The Singing Blacksmith comes “closer than Green Fields to the expressionistic noirs and thrillers Ulmer would make in Hollywood during the 1940s.” – J. Hoberman, Bridge of Light: Yiddish Film Between Two Worlds

Special Weis Center Offer for Film Patrons! Come see David Krakauer’s Jewish heritage multimedia performance “The Big Picture” Saturday, Feb. 28! 50% off tickets available online only. Use promo code YIDDISH at checkout. Limit 2 tickets per type.


Tuesday, March 3 at 7pm

Deep Time Shorts Program

Organized in conjunction with the Samek Museum’s exhibition of Rachel Sussman’s “The Oldest Living Things in the World.” Co-sponsored by the Samek Museum.

Spiral Jetty

Robert Smithson (U.S. 1970) 32 min. 16MM.
Smithson’s meditation on his renowned earth work, on the shore of Utah’s Great Salt Lake. “The movie editor… resembles a paleontologist sorting out glimpses of a world not yet together, a land that has yet to come to completion, a span of time unfinished, a spaceless limbo on some spiral reels… Everything about movies and moviemaking is archaic and crude. One is transported by this Archeozoic medium into the earliest known geological eras. The movieola becomes a ‘time machine’ that transforms trucks into dinosaurs” (Robert Smithson).
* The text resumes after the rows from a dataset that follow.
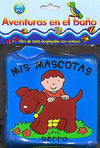 MIS MASCOTAS-AVENTURA EN EL BA�O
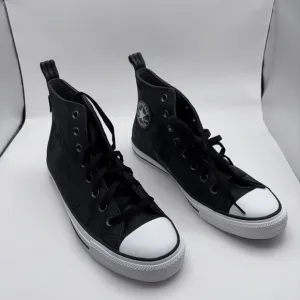 Converse Chuck Taylor All Star Tectuff Black/Dark Matter/White - Size 9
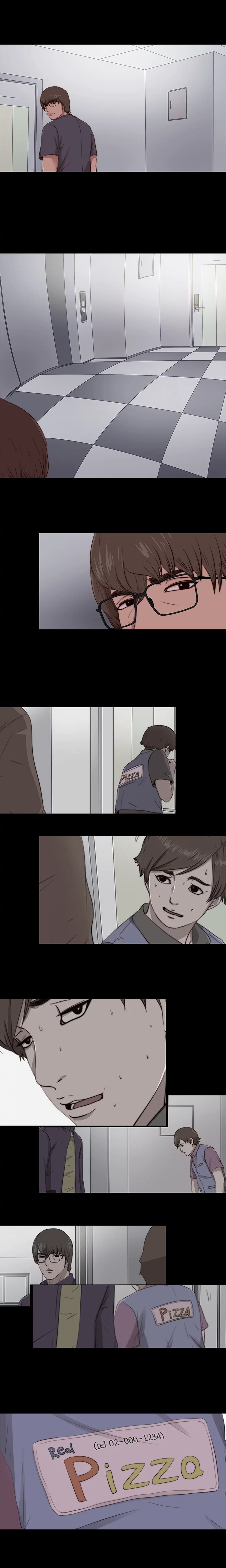 The Girl Next Door - Chapter 94 [photo 9] - MangaPorn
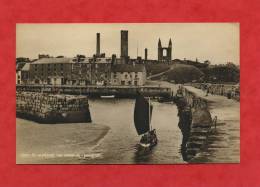 * SAINT ANDREWS THE HARBOUR-JUDGES(Bateau Animé) - Fife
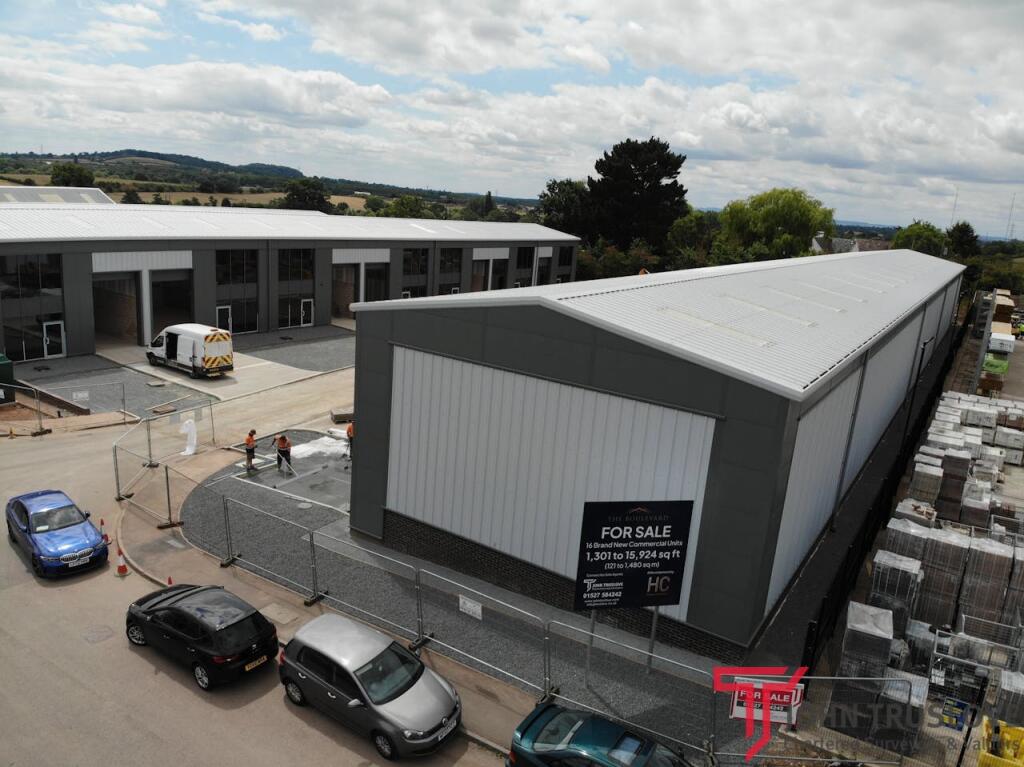 Additional image 5 of Units 1 - 16, The Boulevard, Buntsford Gate Business Park, Bromsgrove, B60 3AJ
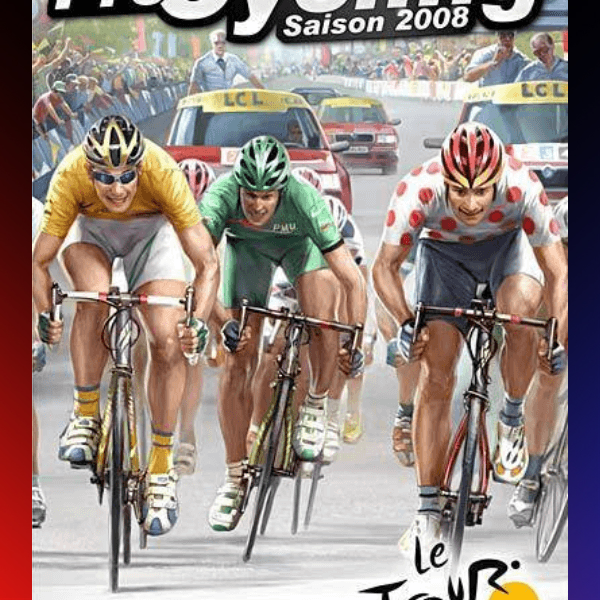 دانلود بازی Pro Cycling Season 2010 – Le Tour de France برای PSP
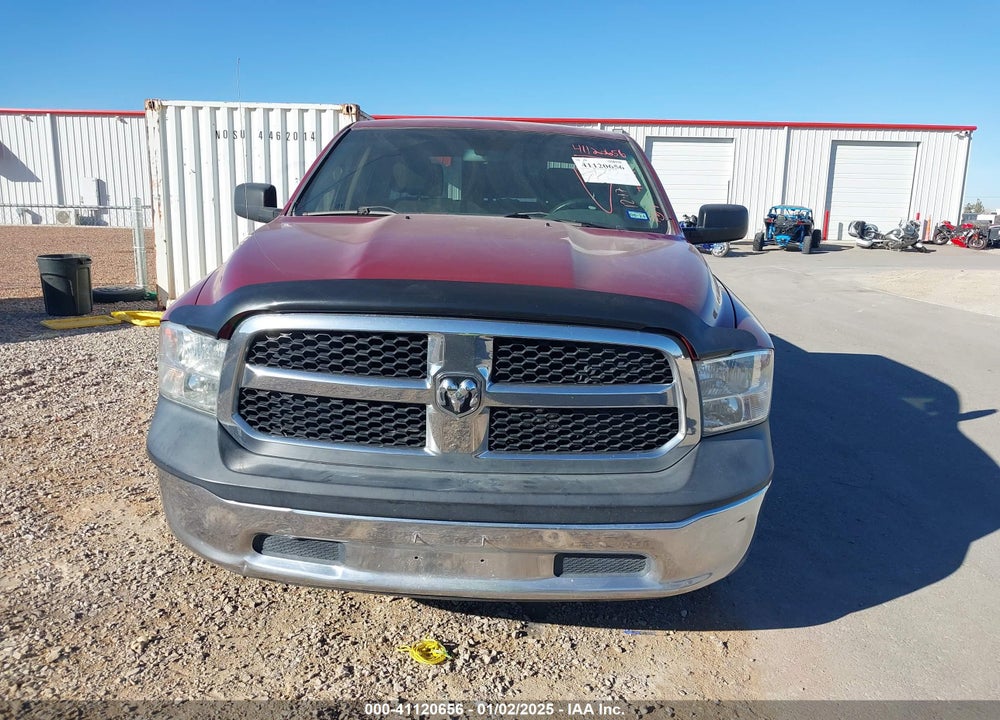 2014 RAM 1500 ST VIN: 1C6RR7KT0ES239788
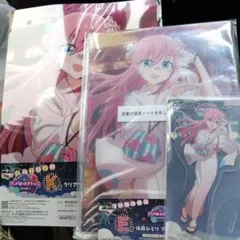 一番くじ アニメ『ぼっち・ざ・ろっく！』VOL4 E賞 K賞 I賞 後藤ひとり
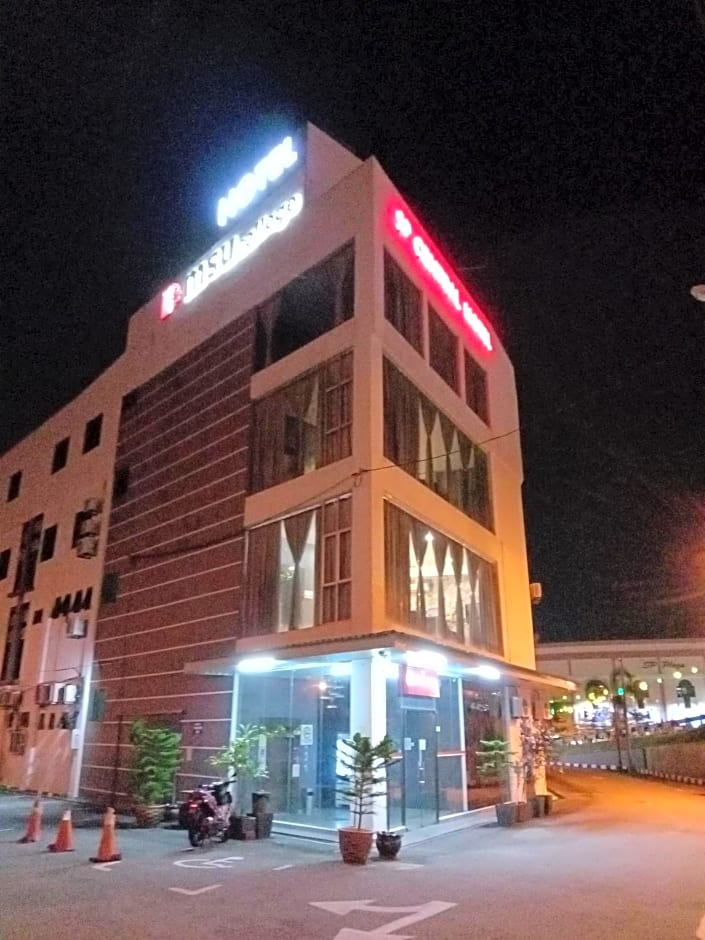 SP Central HOTEL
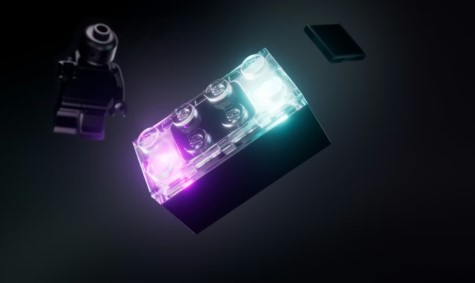 Lego presenta ‘Smart Brick’, la tecnología que dará vida a sus construcciones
Tacita Dean (UK 2013) 27 min. 35MM.
British artist Tacita Dean, inspired by her correspondence with J.G. Ballard about connections between his short story “The Voices of Time” (1960) and Smithson’s iconic earthwork and film Spiral Jetty, traveled to Utah for the image track of JG. “While Smithson’s jetty spiralled downward in the artist’s imagination through layers of sedimentation and prehistory, in ancient repetition of a mythical whirlpool, coiling beneath the surface of the lake to the origins of time in the core of the earth below, the mandala in ‘The Voices of Time’ is its virtual mirror, kaleidoscoping upwards into cosmic integration and the tail end of time” (Tacita Dean).

Terra Incognita

Ben Russell (U.S. 2002) 10 min. 16MM.
“A lensless film whose cloudy pinhole images create a memory of history. Ancient and modern explorer texts of Easter Island are garbled together by a computer narrator, resulting in a forever repeating narrative of discovery, colonialism, loss and departure” (Ben Russell).


Tuesday, March 10 at 7pm

Winter Sleep

Directed by Nuri Bilge Ceylan (Turkey / France / Germany 2014) 196 min. DCP. With Haluk Bilginer, Melisa Sözen, Demet Akbag. Turkish with English subtitles.
Winner of the Palme d’Or at Cannes, the new film from Nuri Bilge Ceylan blends two Chekhov works into an immersive, meditative chamber drama of marriage and class set in the striking landscape of Central Anatolia. A former actor who runs a mountaintop hotel with his wife procrastinates on beginning a book about the history of Turkish theatre, instead writing a column for the local paper. His proclamations, potent with cultural pretension, reveal a smug self-satisfaction that is gradually undermined by the resentment of the villagers, his sister and a wife who no longer loves him.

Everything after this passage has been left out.